Broadly speaking, though, most publicly traded hospitals, including Tenet, have generated positive shareholder returns since the pandemic was declared. Shares of better-managed, better-positioned chains like HCA have more than doubled in value during that period while operationally-challenged systems like Community Health have lagged behind. And to be sure, the government’s largesse didn’t flow equitably to the industry, with many hospitals receiving disproportionate amounts of aid while others were hit harder and are still very much strained.
Many of the trends associated with the pandemic finally are starting to unwind, allowing hospitals to look more like their old selves. On the positive side are a return of non-Covid patients and a stabilizing labor environment as most hospitals hire new medical staff and cut back on travel nurses.
“Hospitals have worked really, really hard to reduce the utilization of this very expensive service,” says Whit Mayo, a healthcare analyst at SVB Securities.
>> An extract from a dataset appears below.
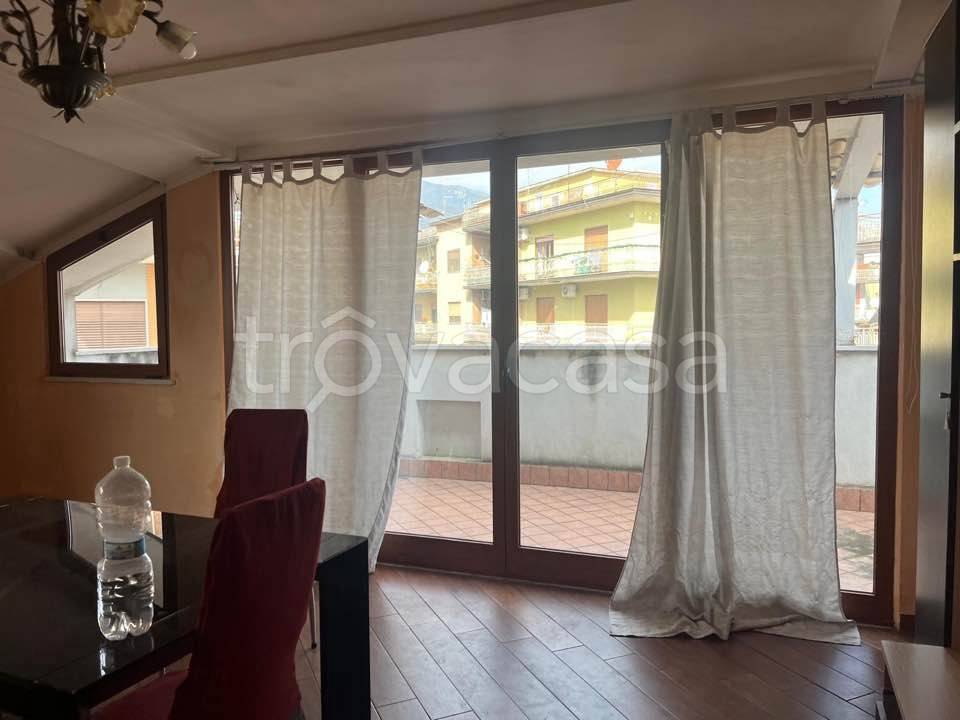 appartamento in affitto a Cassino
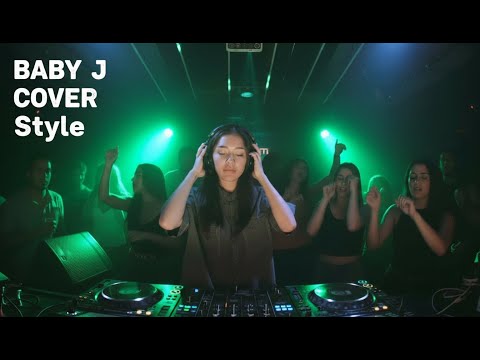BABY J🔥 | WAVEWORLD EDM | DJ Cover (Baby J Style)🔥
Driving that reversal is the fact that many of the medical workers who quit at the height of the pandemic, in 2020 and 2021, are finally coming back, according to Todd Bellemare, senior vice president of strategic solutions at data and analytics firm Definitive Healthcare.
Recruiting permanent medical staff hasn’t come cheap, though. Both HCA and UHS saw most of the gains from cutting back on travel nurses offset by spending more to attract full-time staff, and they are far from done. HCA said it had to turn away about 1% to 1.5% of patients in the quarter due to lack of capacity. Some of that could take years to resolve because America’s shortage of medical workers is an acute issue. HCA also refrained from providing 2023 earnings guidance, reflecting the vicissitudes of the labor market.
“Normally on this call, we attempt to provide you with some early perspectives on the upcoming year,” Samuel Hazen, CEO for HCA, told analysts last month. “Currently, we have reasonable insights into certain aspects of our business such as demand,” he said, before delivering the bad news: “With respect to inflation, we are less certain.”
Unless a new Covid-19 variant upends the current trajectory, though, hospitals are going to continue to see their more traditional business lines improve. For instance, UHS’s behavioral hospitals, which provide things like addiction treatment, have been able to hire more staff, leading to higher volumes. On the minus side, hospitals will lose out on the emergency funds that provided a financial windfall during the pandemic: HCA said they got around $300 million in Covid support payments this year—something its investors can’t count on in 2023.
Looking toward next year, hospital chiefs are hoping that business will continue to rebound while a reduced labor shortage means costs will stabilize. Meanwhile a recession, if it materializes, could actually provide a boost to hospitals as government-backed insurance sustains demand even as higher unemployment could help push down labor costs.
Another thing going for hospitals is that they might finally be able to pass on some of their higher costs to insurers, and indirectly to those paying the premiums. Many agreements with insurers are multiyear. Now hospital executives are seeking to negotiate new contracts to reflect those pay increases—something the nation’s largest insurer, UnitedHealth Group, acknowledged in its last earnings call.
Hospitals are telling insurers and Congress that times are hard. Investors, though, are right to see their glass as half full.